## Data below
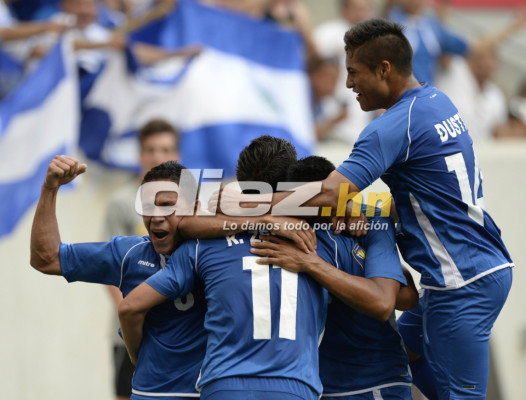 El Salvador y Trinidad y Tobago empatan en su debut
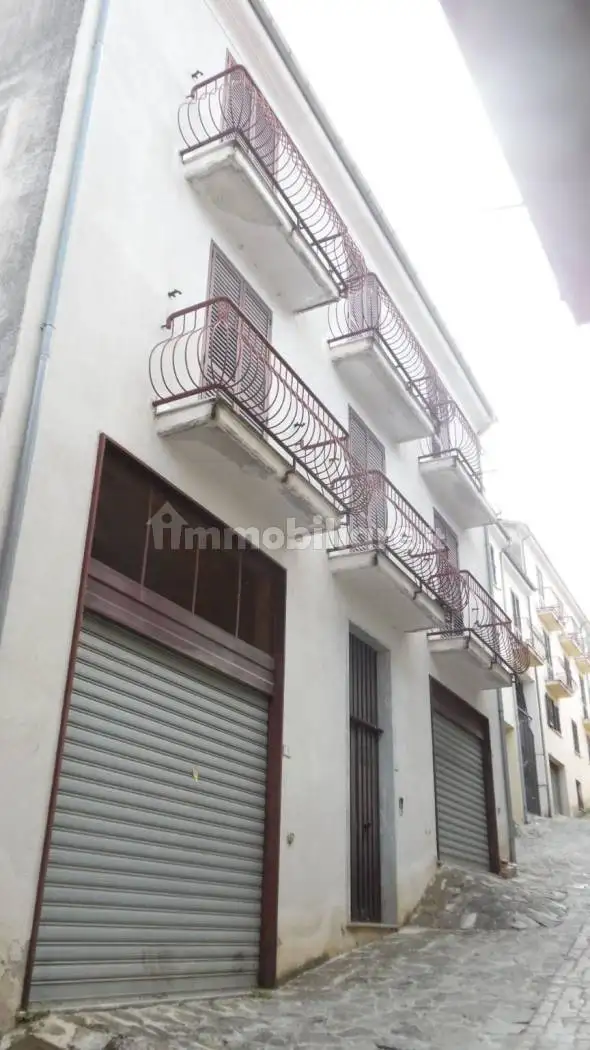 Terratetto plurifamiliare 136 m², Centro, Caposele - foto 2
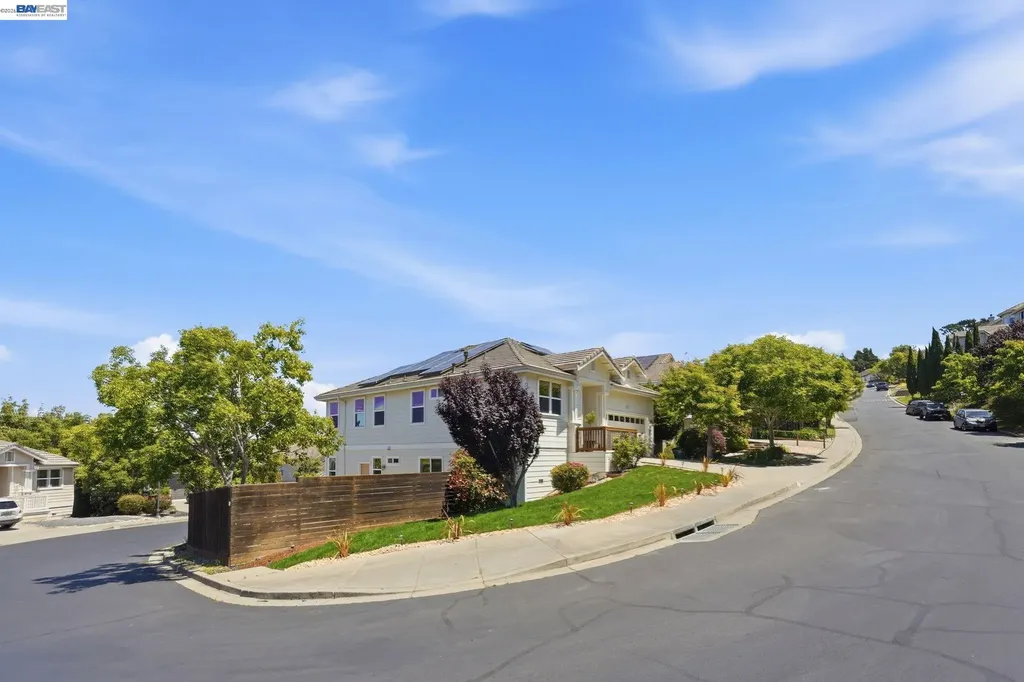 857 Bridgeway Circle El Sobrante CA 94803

## Task objective
With the images excluded, reproduce the data above precisely as written.

## Output
 El Salvador y Trinidad y Tobago empatan en su debut
 Terratetto plurifamiliare 136 m², Centro, Caposele - foto 2
 857 Bridgeway Circle El Sobrante CA 94803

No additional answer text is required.